Task to carry out:
Select the lines of the records containing the word "Piece" and list them.

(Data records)
####################
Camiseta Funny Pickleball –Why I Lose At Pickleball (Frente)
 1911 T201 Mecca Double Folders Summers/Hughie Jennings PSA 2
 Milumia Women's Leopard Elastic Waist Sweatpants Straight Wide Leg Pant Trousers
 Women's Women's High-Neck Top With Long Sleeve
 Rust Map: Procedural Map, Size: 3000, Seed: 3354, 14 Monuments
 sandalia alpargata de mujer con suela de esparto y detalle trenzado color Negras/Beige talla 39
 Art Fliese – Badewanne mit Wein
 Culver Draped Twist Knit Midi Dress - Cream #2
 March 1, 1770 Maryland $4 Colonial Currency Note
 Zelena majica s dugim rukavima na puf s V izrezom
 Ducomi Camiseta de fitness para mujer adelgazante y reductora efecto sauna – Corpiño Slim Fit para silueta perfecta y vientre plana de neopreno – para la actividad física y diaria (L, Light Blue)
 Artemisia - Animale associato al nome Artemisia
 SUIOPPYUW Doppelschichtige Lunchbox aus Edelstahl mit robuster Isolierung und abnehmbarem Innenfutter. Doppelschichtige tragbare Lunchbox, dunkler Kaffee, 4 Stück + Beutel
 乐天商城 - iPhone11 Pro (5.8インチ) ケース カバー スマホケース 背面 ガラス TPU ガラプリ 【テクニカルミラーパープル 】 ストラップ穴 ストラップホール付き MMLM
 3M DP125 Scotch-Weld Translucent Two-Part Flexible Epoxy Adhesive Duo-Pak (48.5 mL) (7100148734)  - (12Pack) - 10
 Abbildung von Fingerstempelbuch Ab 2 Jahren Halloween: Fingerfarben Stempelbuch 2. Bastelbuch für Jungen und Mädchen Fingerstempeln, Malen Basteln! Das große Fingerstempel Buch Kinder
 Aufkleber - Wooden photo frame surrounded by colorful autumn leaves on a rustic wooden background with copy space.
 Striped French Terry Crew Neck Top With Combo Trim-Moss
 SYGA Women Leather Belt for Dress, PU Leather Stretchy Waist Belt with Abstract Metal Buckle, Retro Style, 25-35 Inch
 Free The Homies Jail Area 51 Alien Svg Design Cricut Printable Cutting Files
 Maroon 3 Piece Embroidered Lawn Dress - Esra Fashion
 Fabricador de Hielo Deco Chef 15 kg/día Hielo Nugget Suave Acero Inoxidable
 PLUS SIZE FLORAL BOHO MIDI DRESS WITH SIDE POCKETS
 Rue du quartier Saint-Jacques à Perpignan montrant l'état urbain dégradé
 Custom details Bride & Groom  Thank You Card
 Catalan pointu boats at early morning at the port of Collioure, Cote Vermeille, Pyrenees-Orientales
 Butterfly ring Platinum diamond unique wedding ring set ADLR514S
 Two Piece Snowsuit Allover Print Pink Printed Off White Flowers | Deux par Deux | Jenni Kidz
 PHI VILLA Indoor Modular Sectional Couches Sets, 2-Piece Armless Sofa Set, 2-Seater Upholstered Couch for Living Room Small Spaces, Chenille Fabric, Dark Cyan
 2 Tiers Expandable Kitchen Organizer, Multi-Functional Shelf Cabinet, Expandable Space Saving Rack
####################
Output of the exercise:
 Maroon 3 Piece Embroidered Lawn Dress - Esra Fashion
 Two Piece Snowsuit Allover Print Pink Printed Off White Flowers | Deux par Deux | Jenni Kidz
 PHI VILLA Indoor Modular Sectional Couches Sets, 2-Piece Armless Sofa Set, 2-Seater Upholstered Couch for Living Room Small Spaces, Chenille Fabric, Dark Cyan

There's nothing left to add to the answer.